Roger Gathman 01.27.16 at 4:49 pm

The problem with electability arguments such as Starr’s and Krugman’s is that the argument as an observation is entangled with the argument as campaign propaganda. If it were true, as an observation, then there would be no great urgency to make it. Starr and Krugman weren’t writing these kinds of articles in June of last year because they believed the CW that Clinton was unbeatable. They make it now because, paradoxically,they do think she is beatable. As an observation, I think what we are seeing is not that Sanders is a symbolic candidate, but that Clinton is beatable. It is funny (ha ha funny, I mean) that these electability arguments are pulled out and urged only when one’s candidate is in trouble, i.e. seems to be losing an election.
Actually, if we grant the CW, then Sanders beating Clinton would seem to mean more about her electability than his. Is Clinton another Kerry?
I actually don’t think so, though. The demographics on this election strongly favor the dems. The GOP idea is that somehow, they can get more white conservatives out to the polls. I think that idea is pretty bogus. If the GOP gets the same percentage of the white vote as Romney, which was very good, there would have to be a significant collapse in the black and hispanic vote for the GOP to make it. Or a swing to the GOP, which is being rendered, every day that the campaign goes on, more and more unlikely.

151

Bloix 01.27.16 at 5:03 pm

@151 – George McGovern ran an exciting grass-roots campaign in 1972, won more primaries than anyone else, and won the nomination decisively. He lost 49 states in the general. Exciting grassroots candidates can motivate primary voters and then get their heads handed to them when they have to compete for general election voters. See also, Barry Goldwater.

152

Roger Gathman 01.27.16 at 5:15 pm

152 There is no evidence that Humphrey or Muskie would have won against Nixon. Humphrey,in 1968, was a vice president and was supported by the entirety of the Democratic establishment. He lost to Nixon in 1968. A loss is a loss. McGovern’s loss, it must be said, really didn’t hurt the Dems downticket. The Dems took two more states in the Senate, in fact.
So yeah, somebody has to lose, but I don’t see McGovern as an especially egregious case that the CW candidate is the best.

153

Roger Gathman 01.27.16 at 5:17 pm

ps – actually, now that I think of it, Clinton is very much like Humphrey – who was defeated by Kennedy in 1960. Kennedy was surely by CW standards the less electable candidate. He just happened to be elected.

154

Cian 01.27.16 at 5:29 pm

Given that McGovern’s reasons for failure include:
+ Choosing as his running mate a man with a history of mental illness.
+  AFL-CIO opposition/support of Nixon
+ The Opposition of the Democrat party elite.

Given that McGovern largely ran on an anti-war campaign, the parallels don’t seem particularly strong.

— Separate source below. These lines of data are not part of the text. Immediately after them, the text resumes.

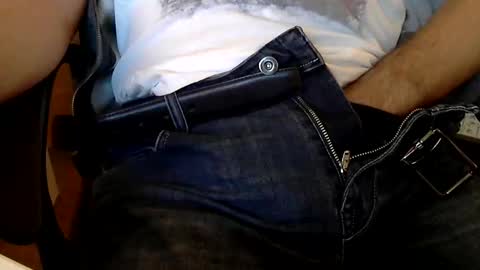 Snapshot of sinthesi chatting on 10-05-25, 08:34 Alex online show from 10-05-25, 08:34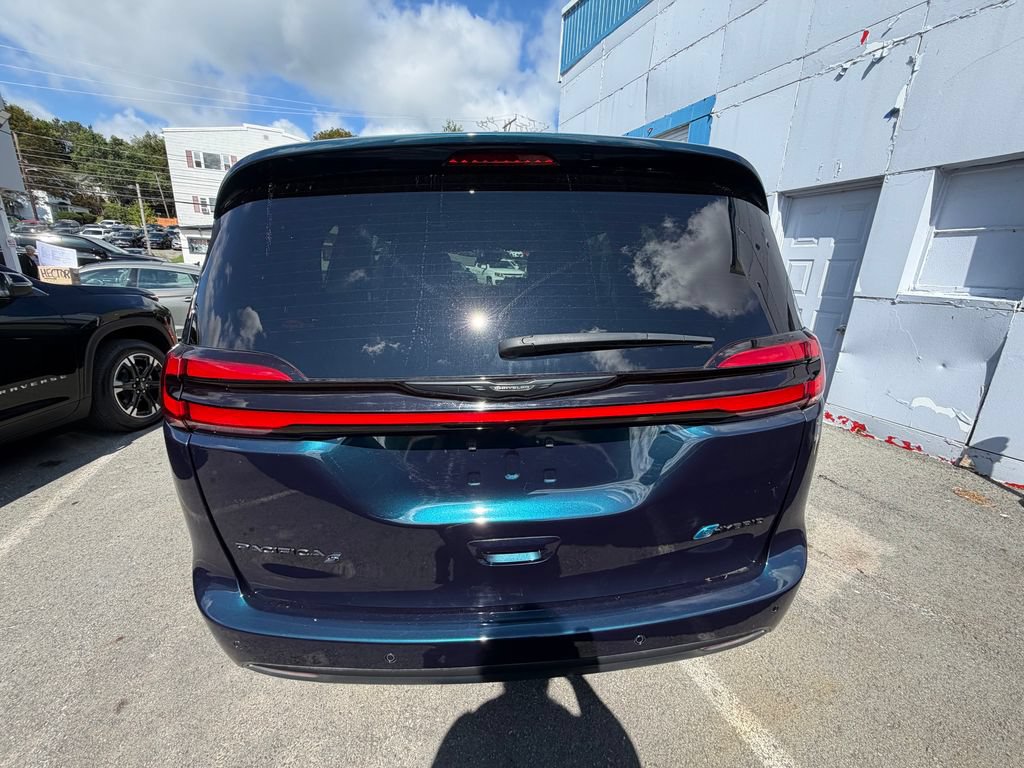 Used 2023 Chrysler Pacifica Touring-L w/ S Appearance Package FWD image 4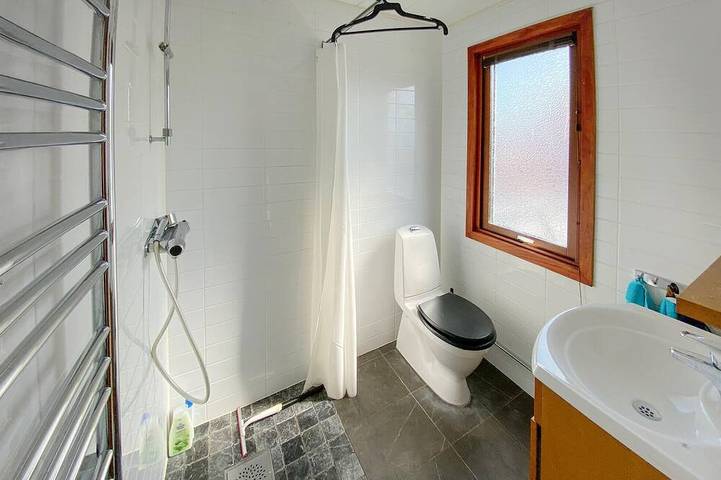 Schönes Haus mit 2 Schlafzimmern in. in Kungshamn, Norra Västkusten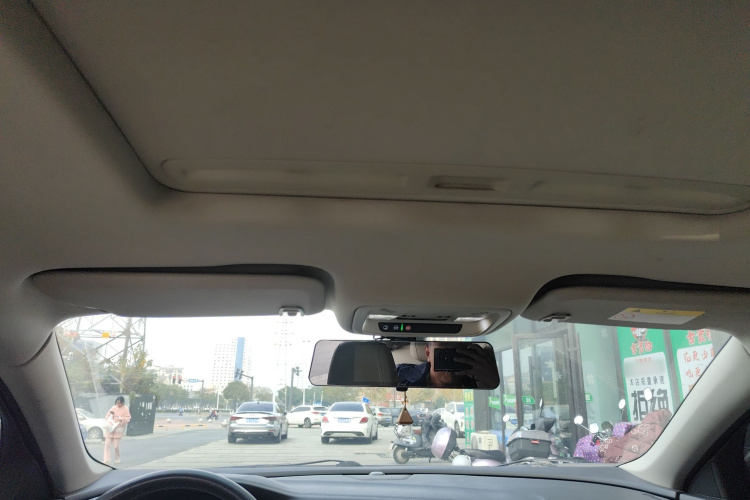 别克 君威 2020款 552T 精英型中控内饰22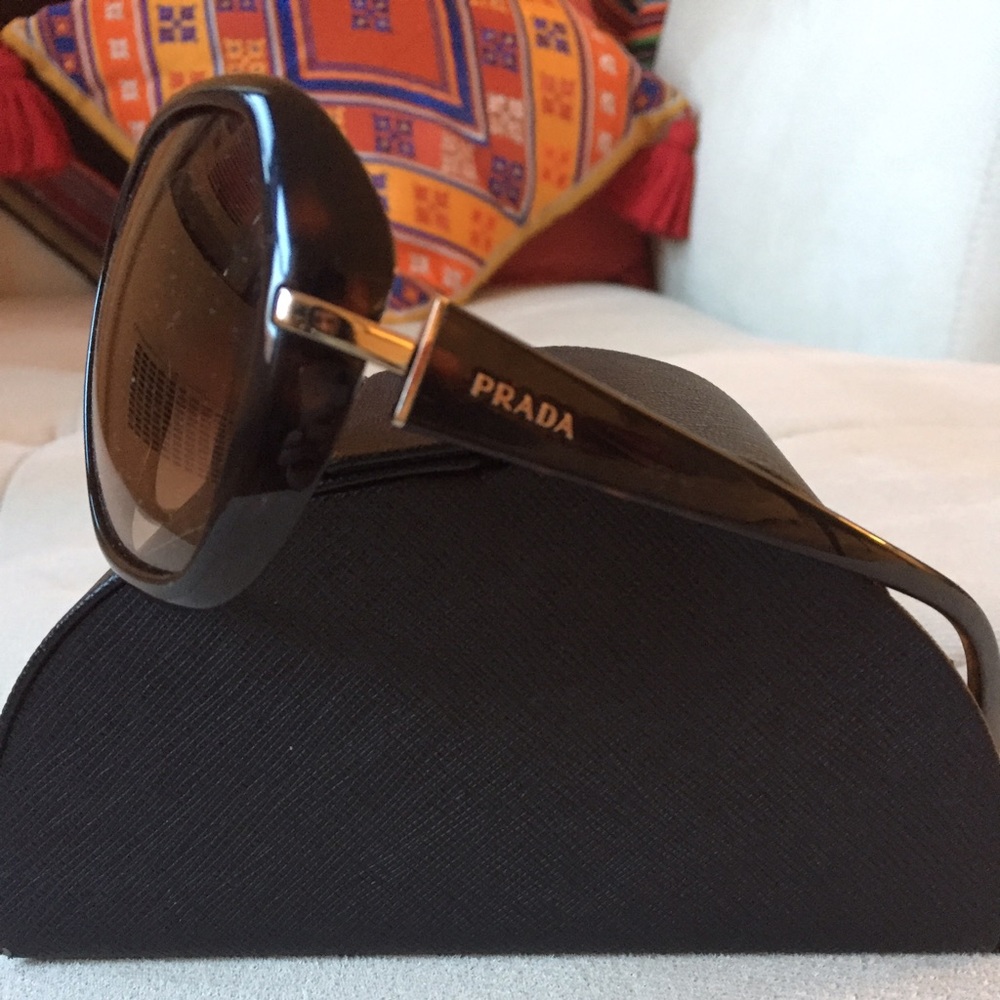 Prada Sunglasses 😎 - Picture 2 of 4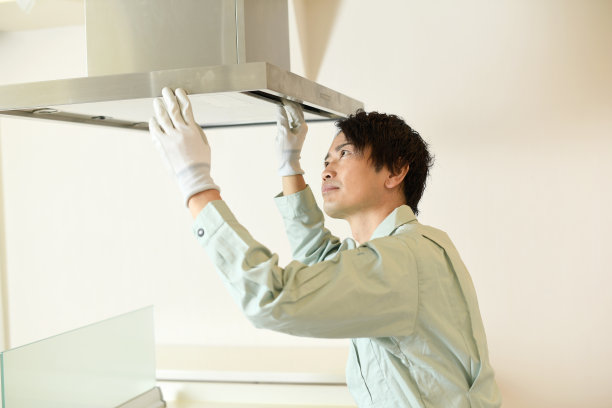 检查通风机和抽油烟机的亚洲男性工人图片下载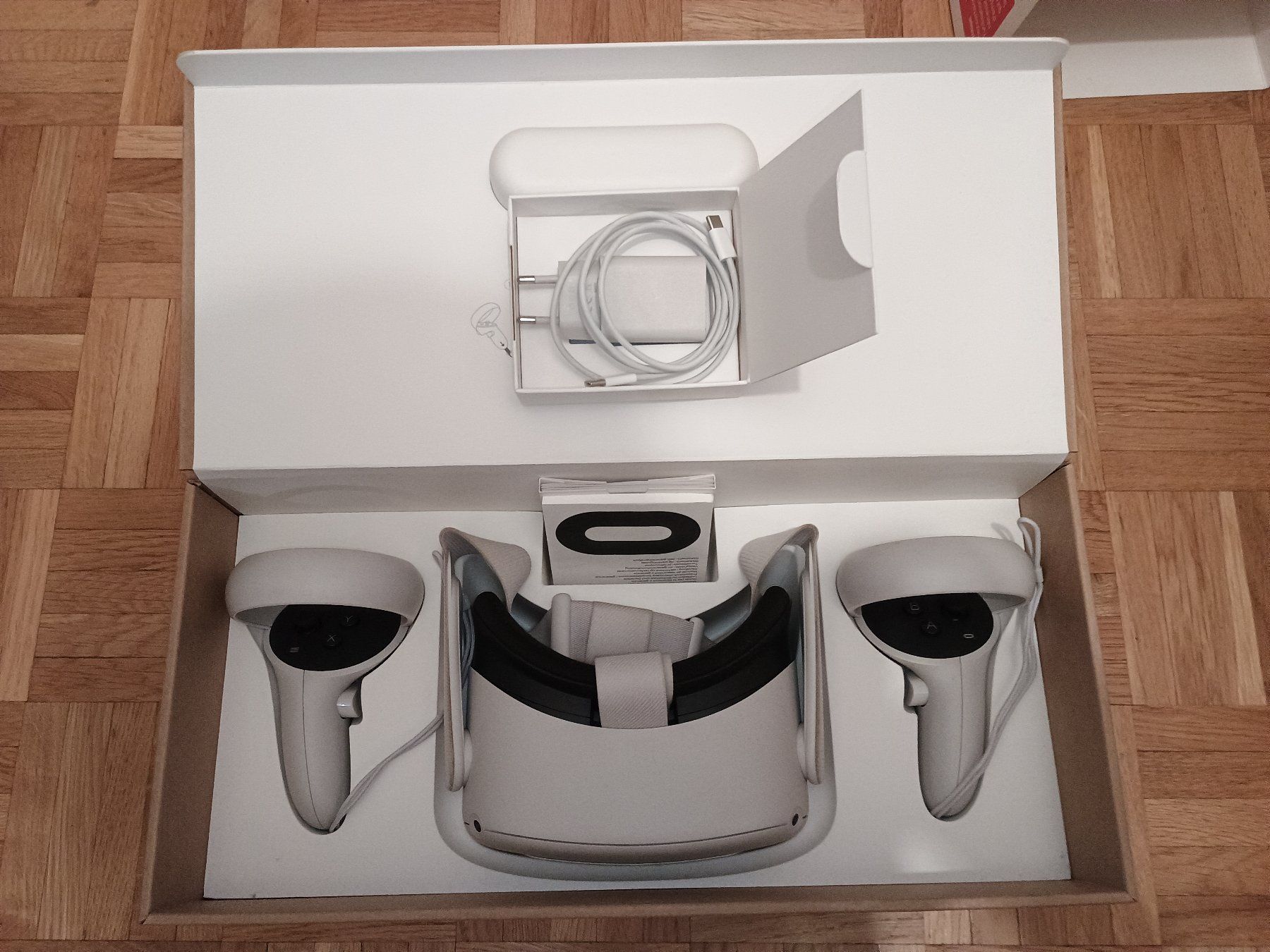 Meta Casco VR: Casque VR Oculus Quest 2 64GB – Usato da Nyon venduto da jon_2yjn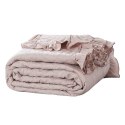 Narzuta z falbanką 240x220 Ruffy pudrowa różowa falbanka romby glamour dekoracyjna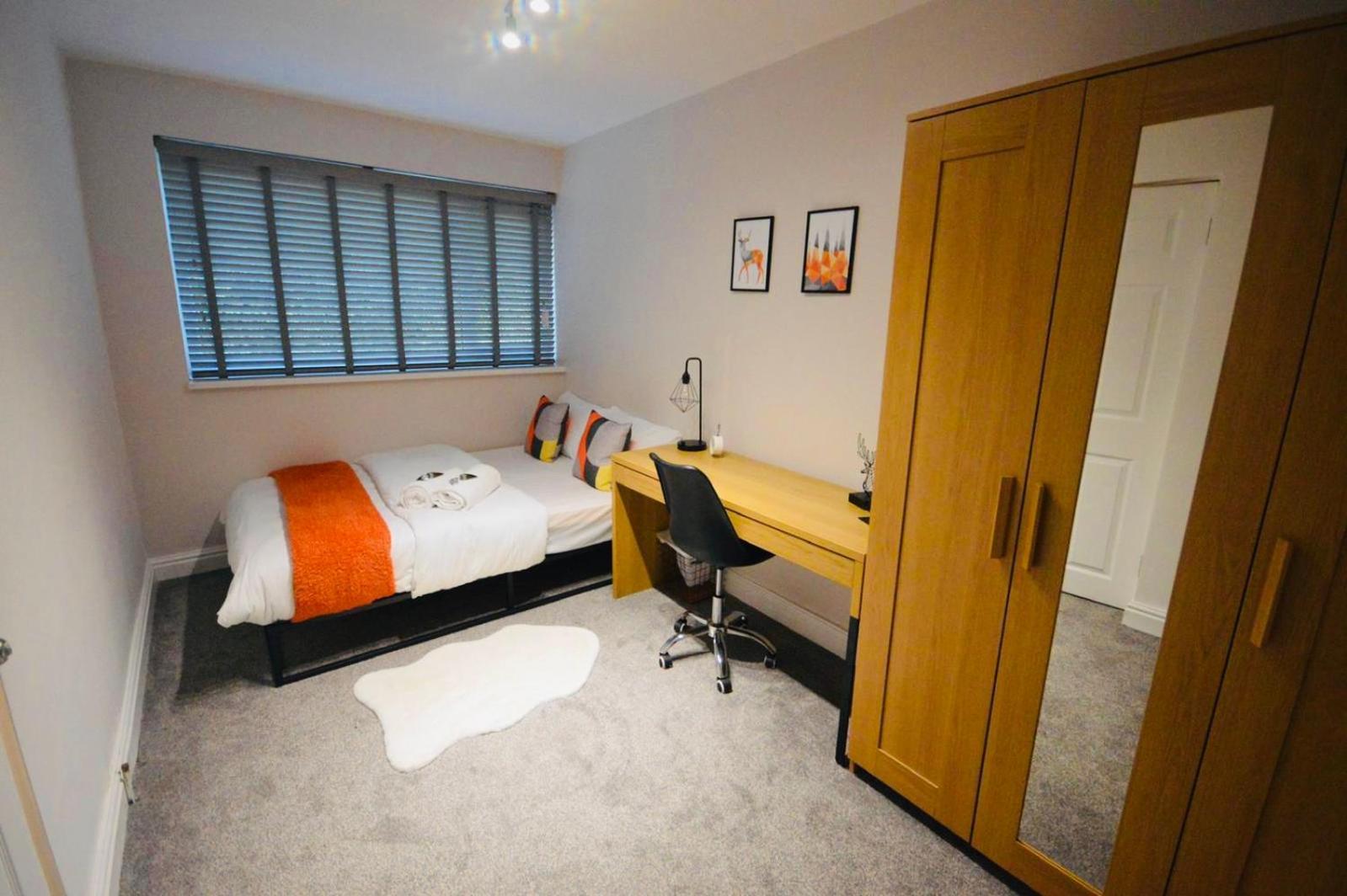 Apartamento Luxury 3 Bedroom Ground Floor - Centre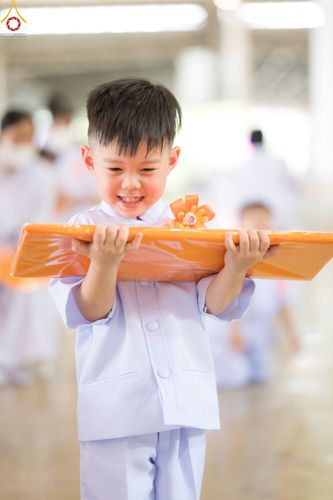 ภาพ No.89000:พิธีทอดผ้าป่าสมทบกฐินครั้งที่ 2 วันศุกร์ที่ 29 กันยายน พ.ศ. 2566 วันเพ็ญขึ้น 15 ค่ำ เดือน 10 ณ ห้องแก้วสารพัดนึก 1 วัดพระธรรมกาย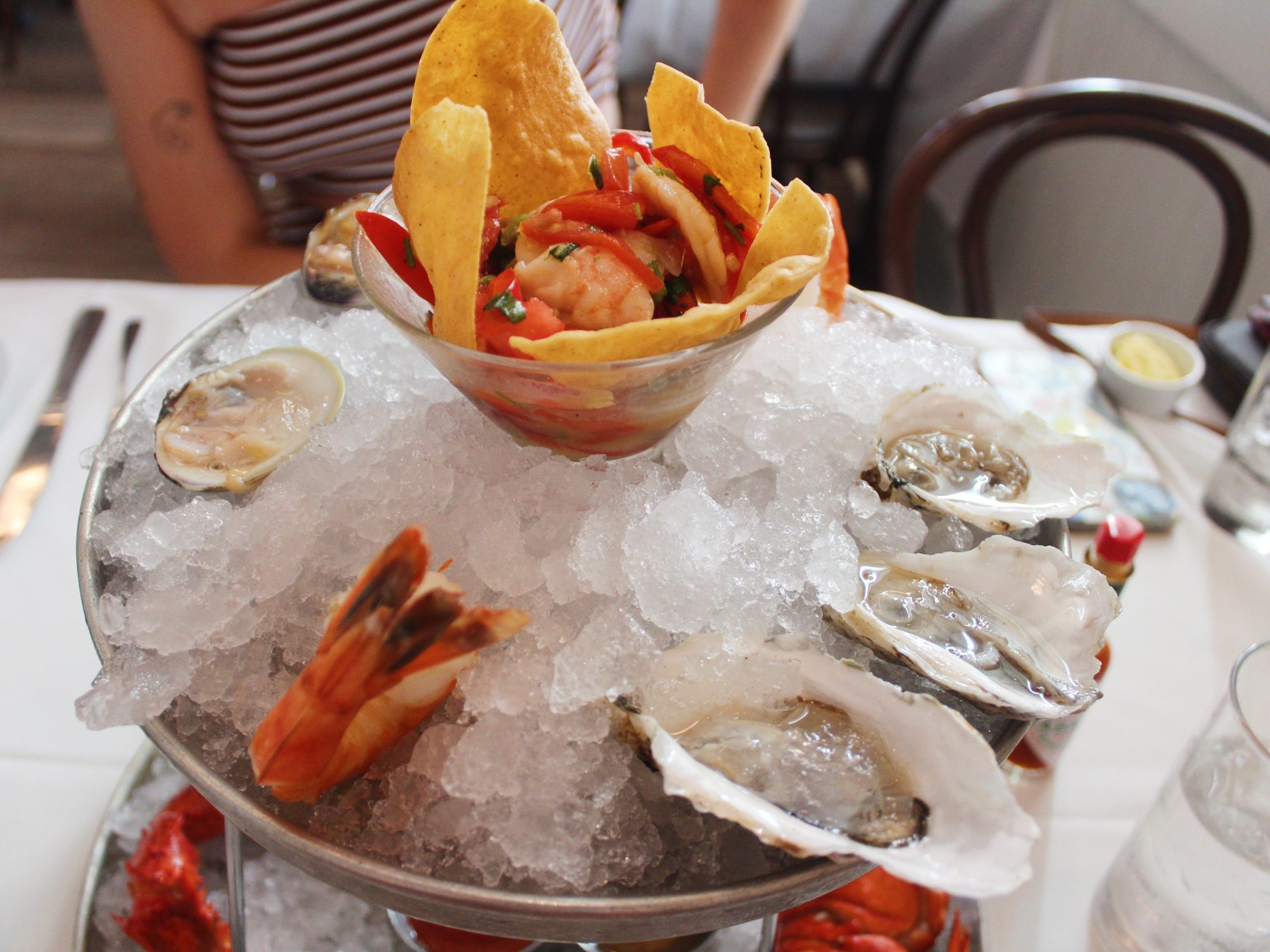 saya-makan-malam-di-dock’s-oyster-house,-sebuah-restoran-seafood-berusia-128-tahun-menara-makanan-laut-seharga-$-47-bernilai-setiap-dolar.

But yes, if the Democrat elite decided to try and destroy Sanders chances that could definitely hamper his electability. Does anyone think this is likely? And if so, what does it say about the ‘anyone but a Republican’ strategy?

155

TM 01.27.16 at 5:33 pm

153: I really wish people would fixate less on the presidential race. McGovern’s loss may have done more for progressives than (Bill) Clinton’s win. After all, Nixon, faced with a strong democratic majority in Congress, arguably signed into law more progressive policies than Clinton ever did, and ditto for Obama. Democrats need to win back Congress and state governments and their top candidates need to work for that goal, not just for their own primary campaigns.

156

Bruce Wilder 01.27.16 at 5:41 pm

No one old enough to remember the actual George McGovern would call him an exciting grassroots candidate. He lost to Muskie in New Hampshire, lost to Humphrey in Ohio, lost to George Wallace in Florida. But, he got some crucial help from Nixon’s dirty tricks operatives and his candidacy benefitted from the breakup of the New Deal coalition and the damage that did to the Party. George McGovern was a divisive figure, not thru any particular personal fault, but just by virtue of the role he was cast into, in the political realignment taking place. I would not say McGovern wanted the role, but he was instrumental in breaking up the New Deal coalition, driving the working class out of the Party.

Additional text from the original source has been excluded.